Excluding pictures, what does the listing below contain from the line with "3 BEDROOM HOUSE FOR SALE IN TLHABANE WEST" up to and including the line with "318 Marion Pl, Manville, NJ 08835 - Photo 1", word for word?

(Information Opens)

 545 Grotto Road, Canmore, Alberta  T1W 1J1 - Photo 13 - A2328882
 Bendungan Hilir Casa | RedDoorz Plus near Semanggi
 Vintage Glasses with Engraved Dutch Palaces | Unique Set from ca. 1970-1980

(Information Closes)
(Information Opens)

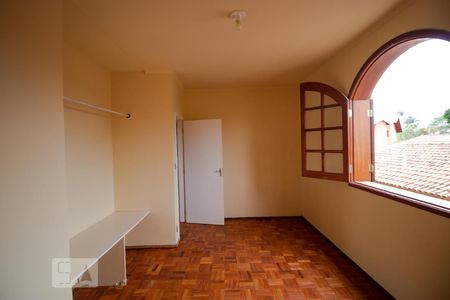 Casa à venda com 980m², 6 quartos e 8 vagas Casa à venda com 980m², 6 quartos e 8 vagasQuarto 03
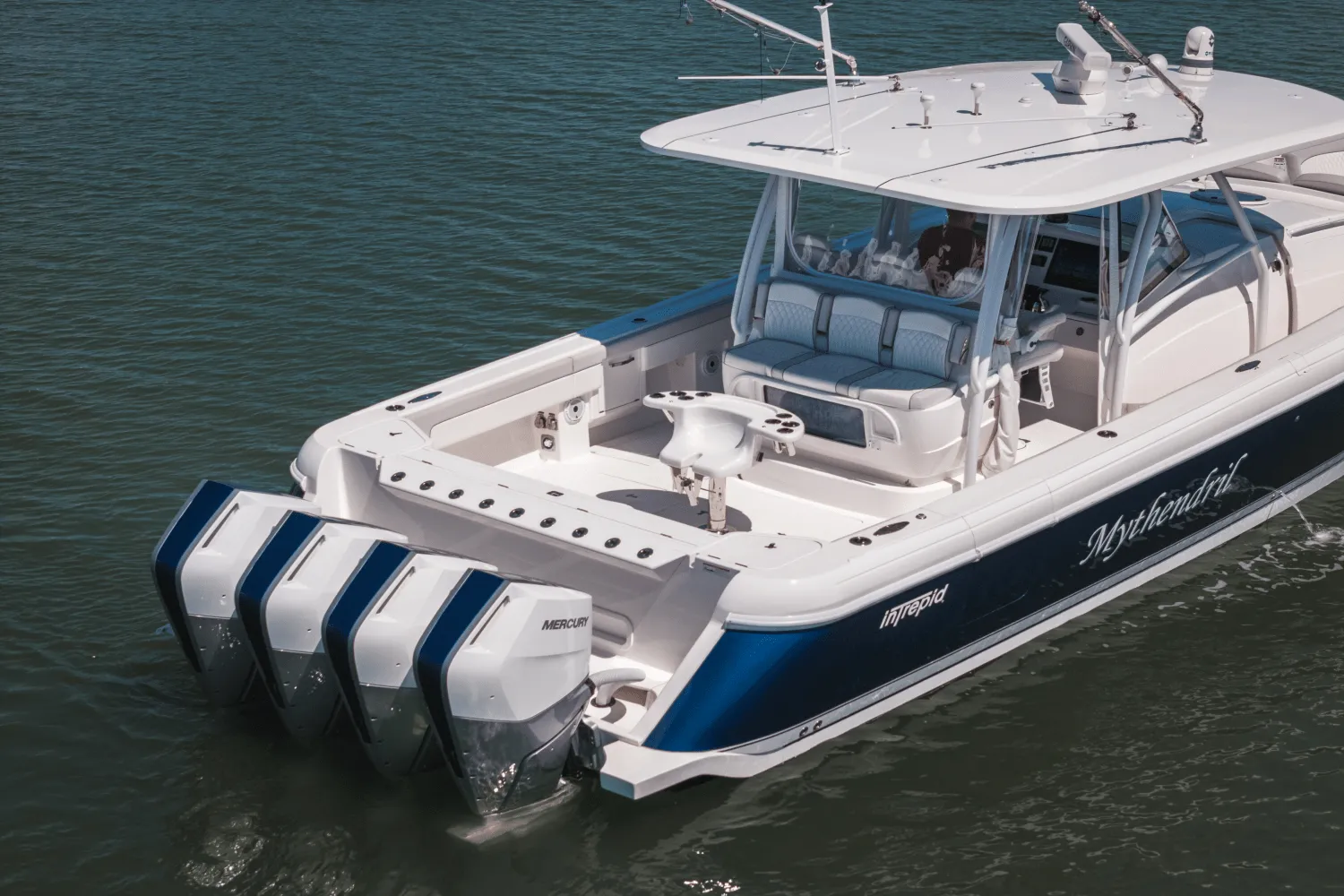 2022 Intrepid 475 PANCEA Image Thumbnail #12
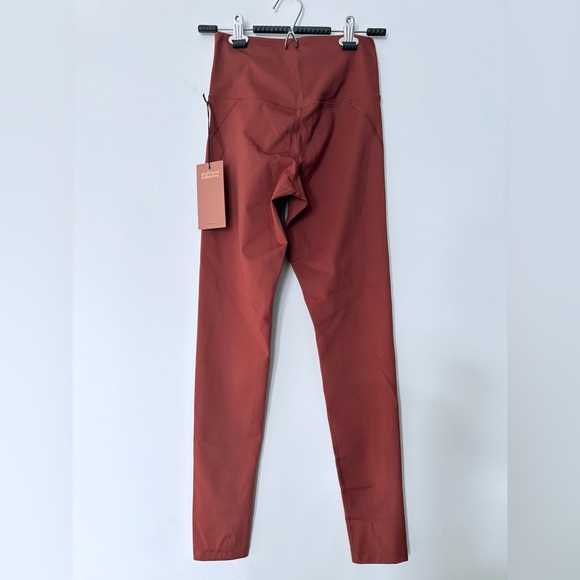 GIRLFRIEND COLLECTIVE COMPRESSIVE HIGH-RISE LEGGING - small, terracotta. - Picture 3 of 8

(Information Closes)
(Information Opens)

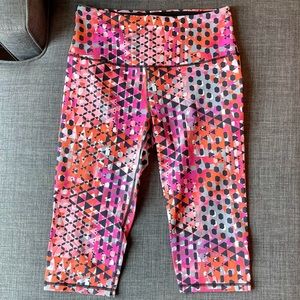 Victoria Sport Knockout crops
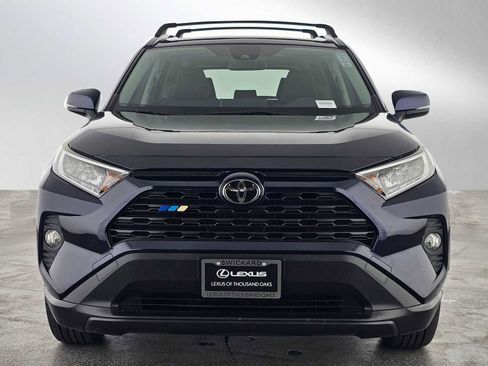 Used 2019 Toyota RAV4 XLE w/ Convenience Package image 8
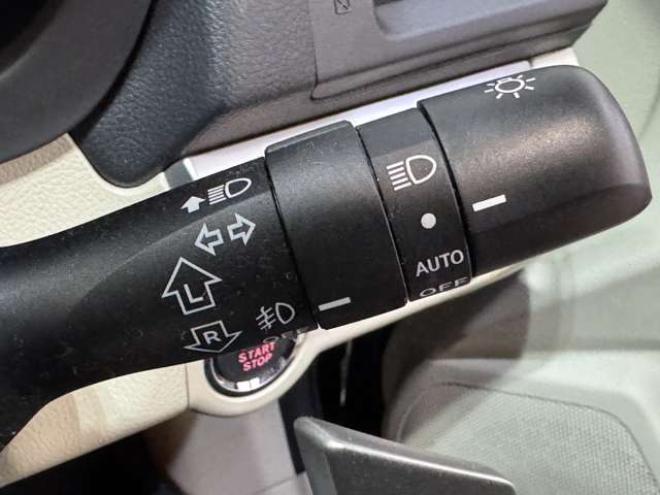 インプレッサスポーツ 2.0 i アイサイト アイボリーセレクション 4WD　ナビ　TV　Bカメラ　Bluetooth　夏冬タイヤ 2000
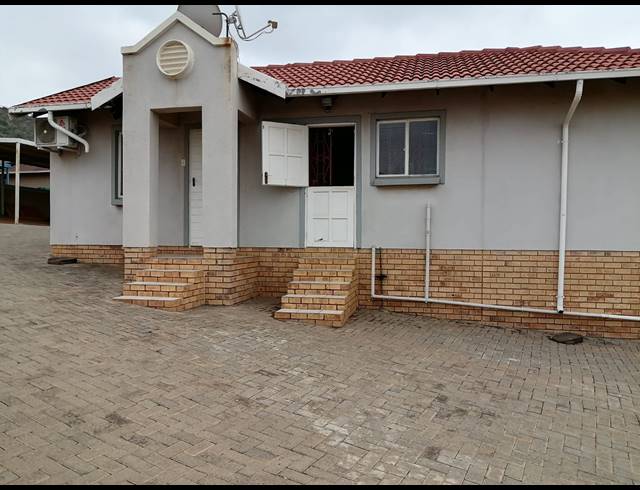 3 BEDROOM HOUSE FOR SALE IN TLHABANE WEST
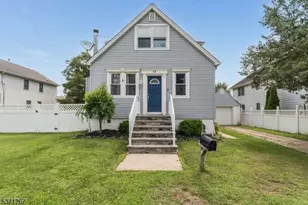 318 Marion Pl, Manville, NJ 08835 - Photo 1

(Information Closes)

Exercise result:
 3 BEDROOM HOUSE FOR SALE IN TLHABANE WEST
 318 Marion Pl, Manville, NJ 08835 - Photo 1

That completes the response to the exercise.